Wolf Parade hit the ground running with a self-titled EP and the full length Apologies To The Queen Mary three years ago, and then seemed to kind of go their separate ways and leave everyone hanging a bit. Along with his fiancee, Dan Boekner released an album as Handsome Furs (Plague Park), while Spencer Krug joined up with Sunset Rubdown for a second installment (Random Spirit Lover. Their follow-up has been talked-about for some time now (and has gone through at least one name change), and it's certainly not as immediate as their past work.
Although nine songs run about forty-seven minutes, this is an album that definitely feels more sprawling than that. It actually opens with some of its more concise work, sinking some pop hooks in early before relaxing the grip and even confounding in places. "Soldier's Grin" kicks things off and feels very familiar, as multi-part synths shimmer over the top of dry, gritty guitar, and some blistering blowouts while Boeckner adds his usual breathless yelp. "Call It A Ritual" finds Krug on lead vocals, and the shorter track shuffles with a delicious swagger that mingles jangling guitars and thick, fuzzed-out guitars.
With the arrival of "Bang Your Drum," the album starts to feel a bit more disjointed, though. On the shorter tracks where Krug takes over lead vocals (which is basically every-other one), the group definitely takes on more of a jaunty pop feel that sounds much closer to Sunset Rubdown than past work. Alternately, the longer tracks in-between (with Boeckner on vocals) turn down the power a bit and tend to work a more modest mid-tempo rock range that only finds them really blowing out the cobwebs in a couple places (the end of "California Dreamer" has some short fireworks).
There are two reasons the album feels a little bit longer than it actually is, and the first is that unlike Apologies To The Queen Mary, there aren't really any big singles here.
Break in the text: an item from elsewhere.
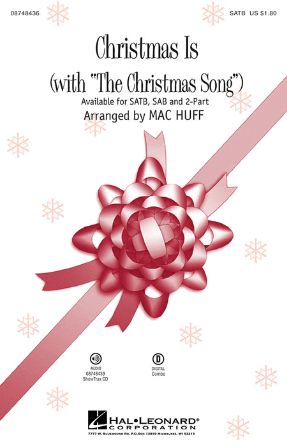 Christmas Is The Christmas Song SATB - Arr. Mac Huff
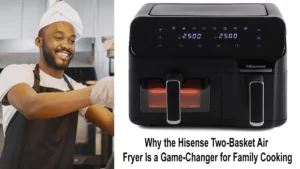 Why the Hisense Two-Basket Air Fryer Is a Game-Changer for Family Cooking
Maybe one of the first two songs on the release could get caught in peoples head on a good day, but the group is far less anthematic on this release, with less immediate hooks and sheer propulsion. They also save the longest song for last, as "Kissing The Beehive" closes things out with almost eleven minutes of epic rock that blends in everything from prog to their usual stomp while not really delivering enough payoff to make it worthwhile. Oddly enough, that's how much of At Mount Zoomer plays out in general. This one's a bit of a letdown.